|
|
|
|
|
|
Aslında pamuk gibidir
- İki taraf da çok özen gösteriyor anladığım kadarıyla... - Bu aşk ikimize de çok pozitif yansıyor. Ben gereksiz şeyler için üzülmüyorum artık, çünkü çok mutluyum ve çok aşığım. Hayatta bir kere yakalanacağına çok emin olduğum bir şey yaşıyorum. Gözlerimdeki şu pırıltı...
- Sevecen ve olduğu gibi bir insan sanki İsmail Hacıoğlu... - Kasmıyor kendini. Hiç kimse için bir kimliğe bürünmek gibi derdi de yok. Neyse o! O an stresliyse 'Aman ayıp olur' diye kendini tutmak gibi bir derdi de yok.

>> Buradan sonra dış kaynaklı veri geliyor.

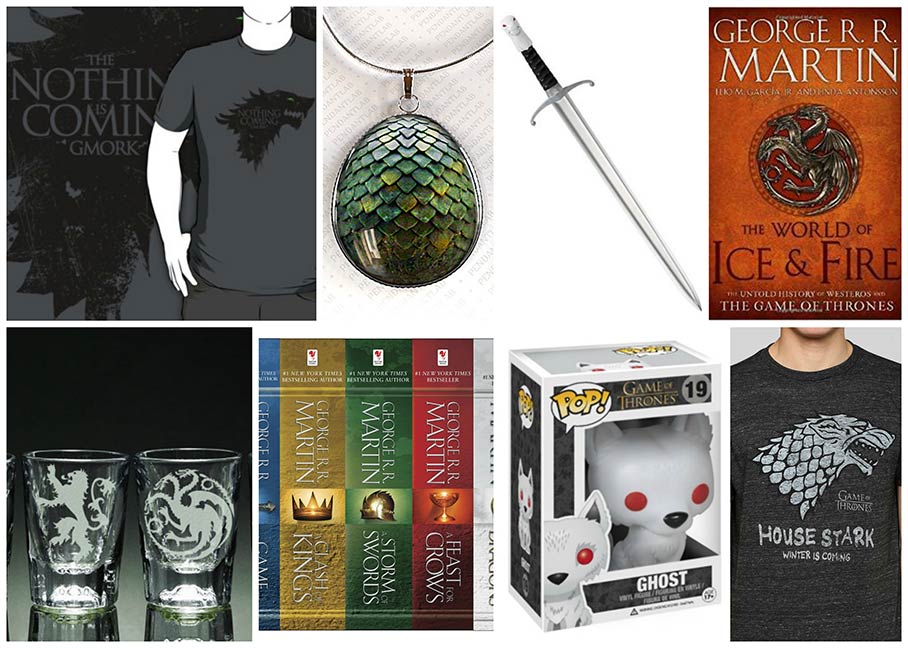 Game of Thrones geeky gifts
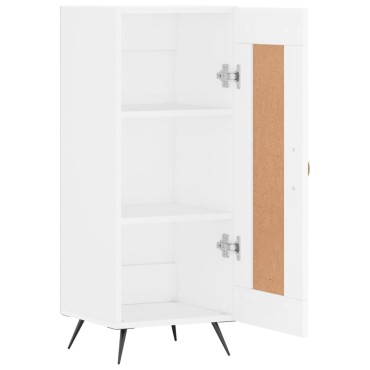 vidaXL Ντουλάπι Λευκό 34,5x34x90cm από Επεξεργασμένο Ξύλο 1 τεμ.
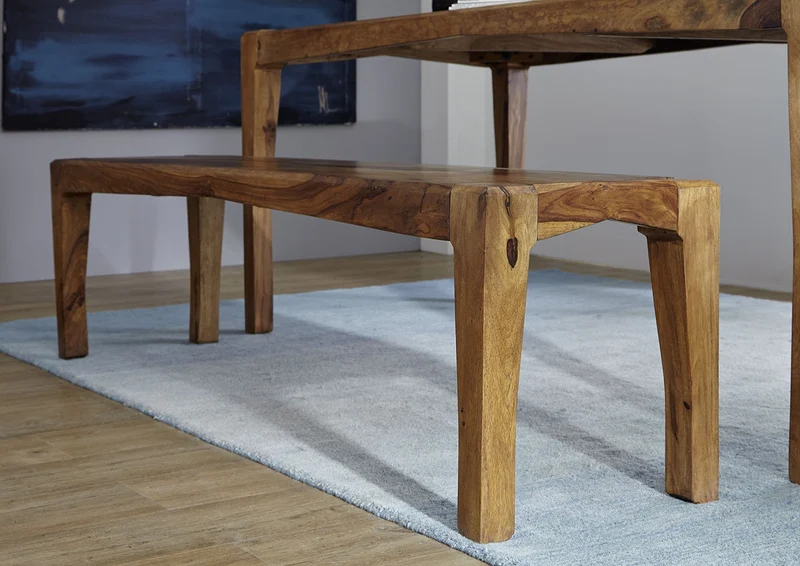 Banc 188x44cm - Bois massif de palissandre laqué - ANCONA #0109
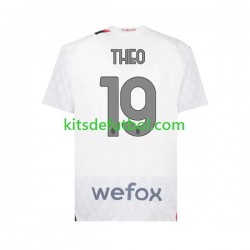 AC Milan Theo 19 Hombre Camiseta de visitante 2023-2024 Manga Corta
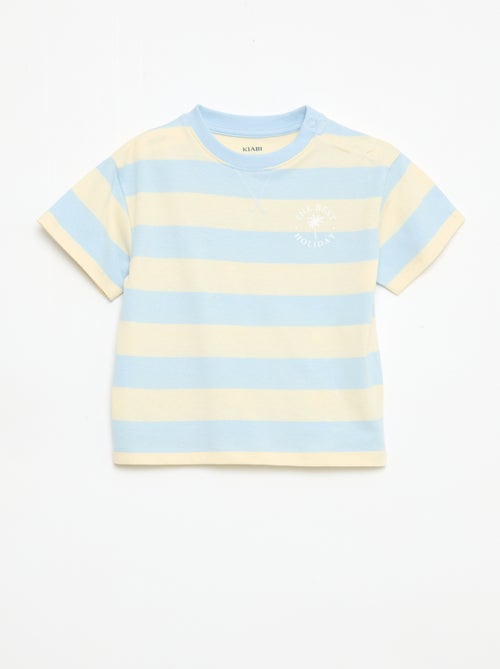 Conjunto de pijama corto camiseta + pantalón corto - 2 piezas - Kiabi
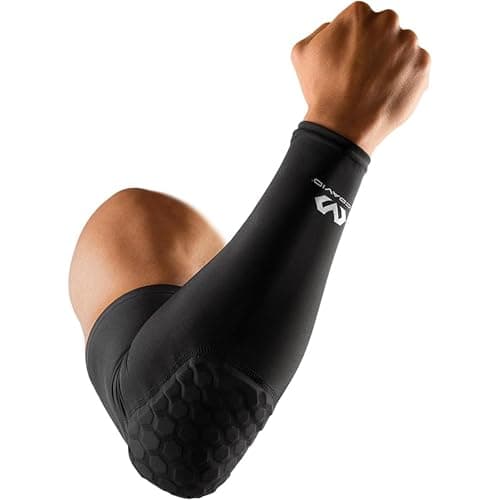 Image of McDavid 6500 Hex Sleeve Compression Arm/Elbow Sleeve for Protection and Support — Ideal for Rugby, Basketball, Volleyball, Football Goalkeeping, and More (One Sleeve)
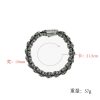 Retro Titanium Steel Skull Bracelet for Men Stainless Steel Skull Bracelet - 图片 4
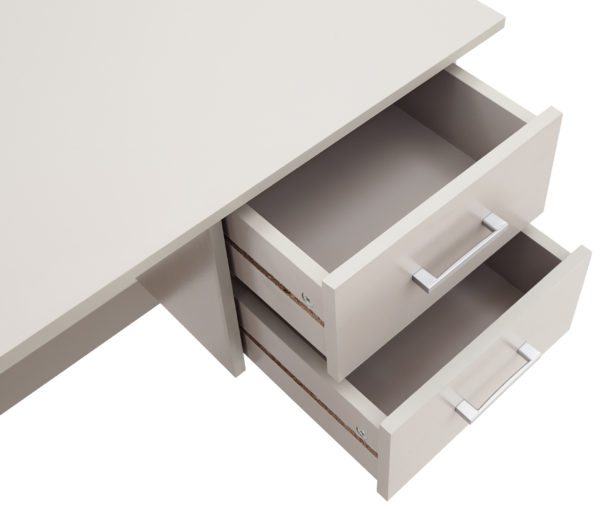Elgin 2 Drawer Desk | Grey | Self Assembly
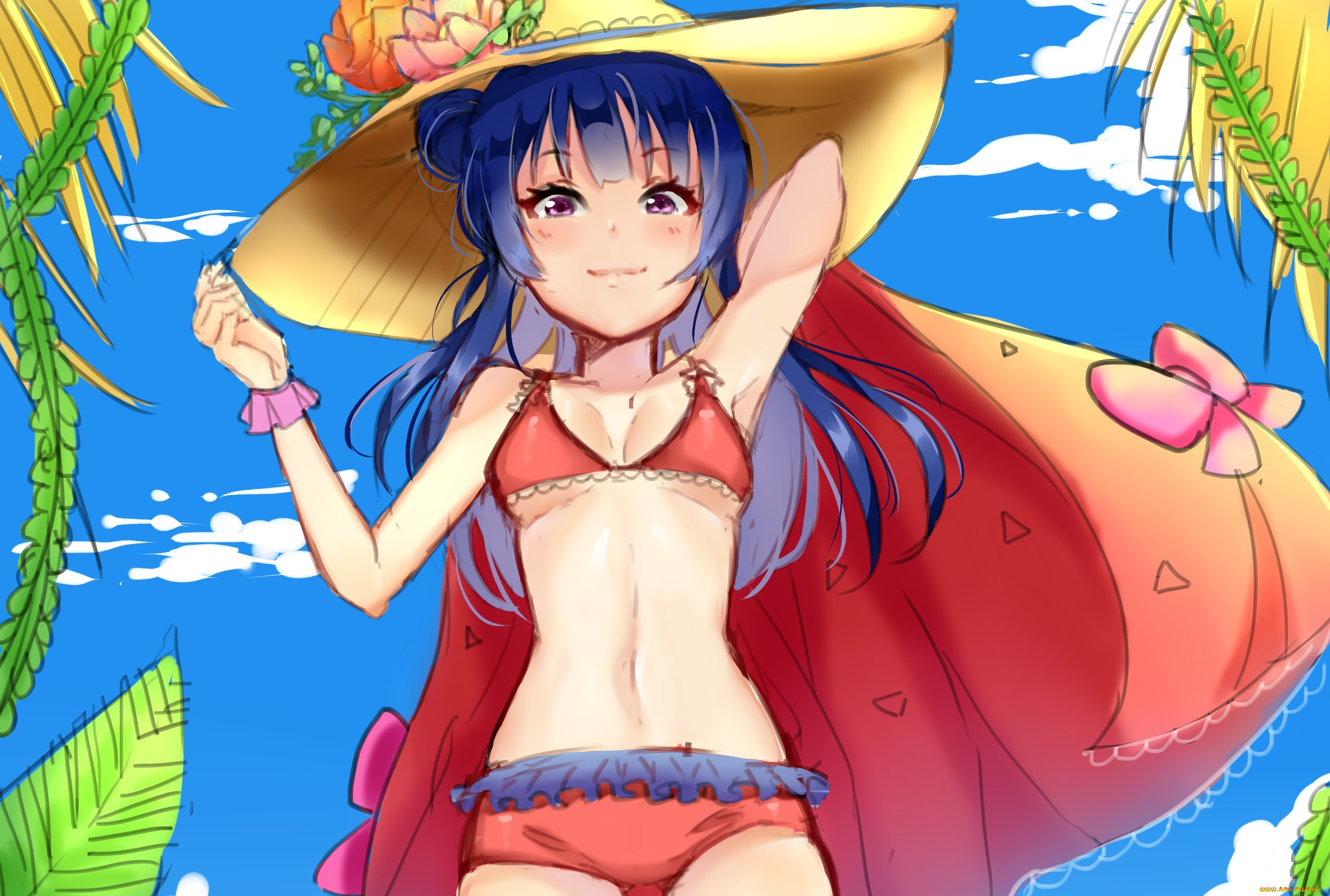 аниме, love, live, , school, idol, project, девушка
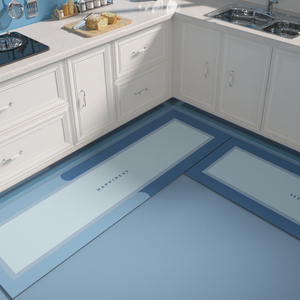 Tapis Rectangle de sol Tapis de bain absorbant personnalisé Tapis de cuisine imperméable géométrique lavable antidérapant - Product Image 4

- Aksi yanları yok mu hiç? - İsmail sinirlidir. Pamuk gibidir aslında da, ona ters gelen noktalarda çok tavırlıdır. Ancak genel anlamda birlikte geçirdiğimiz anlar çok değerli benim için. Son günlerdeki takıntısı ise klarnet çalmak. Onun da çok özel zevkleri var. Ben boş oturan insanları sevmem zaten. Boşta kalan insanların dedikoduya kaydıklarını çok gördüm, çok yaşadım. Onu da temizledim hayatımdan.
- İsmail Bey size şiir okuyormuş, bu doğru mu peki? - (Gülüyor) Evdeyken oyun okuruz daha çok. Manşet olacak bir haber mi bu şimdi? Sağ olsunlar ağustosta da doğum günü yaptılar bana.
- Şiir okunması kötü mü yani? Niye okunmasın ki? Ayrıca bu iki kişinin hoşuna gidiyorsa kimi ilgilendirir ki? - Ben oyuncu olan insanların bu tarz şeyleri yapmamalarını yadırgarım zaten. İsmail karalar bazen ama haberde anlatıldığı gibi değil.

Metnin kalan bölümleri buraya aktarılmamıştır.